Books as historical records; as means for expression of thought and feeling, either directly or in the form of imaginative writing; and as mediums for the deposit and dissemination of knowledge, have both reflected and tremendously influenced the development of civilization. Some scholars consider as the earliest books the graven clay and stone tablets and polygonal cylinders of the ancient Assyrians, Babylonians, and Chaldeans, and other people of remote antiquity. The code of Hammurabi, accounted one of the most important records in history of mankind, was carved on a block of stone. But the consensus of authoritative opinion has often considered as the earliest books the papyri rolls of hieratic writing of the Egyptians of the 3rd millennium B.C., containing both sacred and profane texts. The oldest known book, from this point of view, is the papyrus roll known as The Proverbs of Ptahhotep, containing the maxims of the sage Ptahhotep who flourished about 2650 B.C. Another early book was the Egyptian Book of the Dead.

Papyrus, unlike leather which was also used in antiquity as a writing material, was easily and cheaply produced, and was well adapted to writing purposes.

A papyrus book consisted at first of a number of papyrus sheets, glued or otherwise fastened together to form a continuous strip, each end of which was affixed to a cylinder made of wood, ivory, or bone. The strip was rolled around one of the cylinders by means of knobs attached to the ends of the cylinder, and had to be unrolled as it was read. Writing was generally done with a reed pen, in narrow columns with little space between them, and on one side of the papyrus. Papyrus books were of varying length, the longest extant strip being the Harris Papyrus, 133 feet long and 17 inches high.
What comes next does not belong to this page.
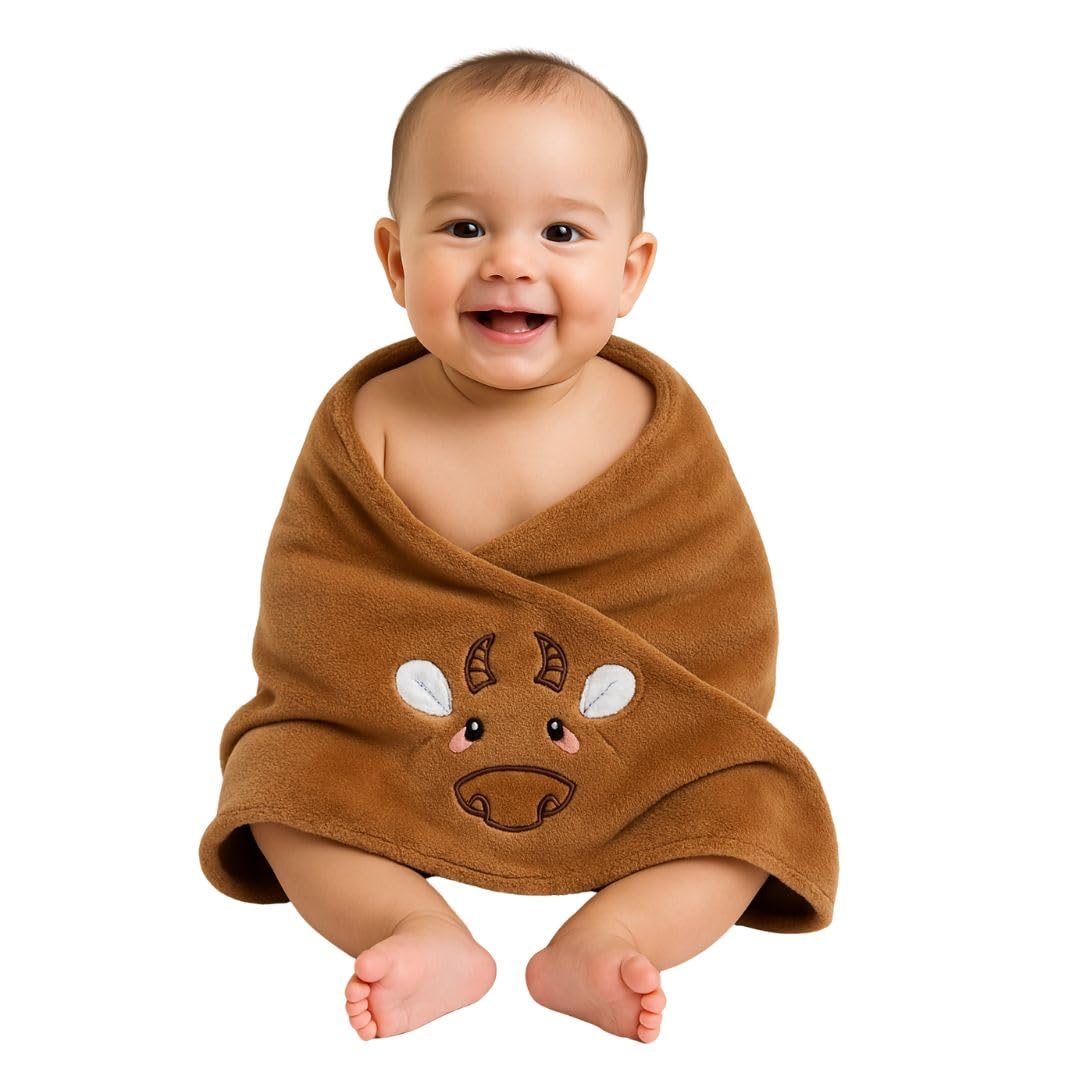 Bimla Traders Baby Bath Towel for Infants, New Born Babies and Toddlers, Soft Cotton Pack of 1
The scroll containing the five books of Moses, known as the Pentateuch. It was written in ancient Hebrew, and is said to have been inscribed during the 12th century B.C.
Scroll containing the five books of Moses




Inconvenience in handling the strips in reading, and in locating passages in them, led to the use, probably in the first century A.D. but possibly earlier, of the square shaped book called a codex by the Romans. The codex, which probably originated in Greece or Asia, consisted of a number of sheets folded in the middle to form quires, which were laid one upon the other, stitched with thread, and then bound. The columns of writing in the codex were wider than in the papyrus scrolls. With respect to general shape, binding, and the page, the codex was the progenitor of the modern book. The term codex occurs in the title of a number of celebrated editions of the Bible as in Codex Sinaiticus, a Greek edition of the Bible dating from the 4th century. Brought from Palestine to Russia in 1859, it was sold to the British Museum in 1933 for 100,000 pounds.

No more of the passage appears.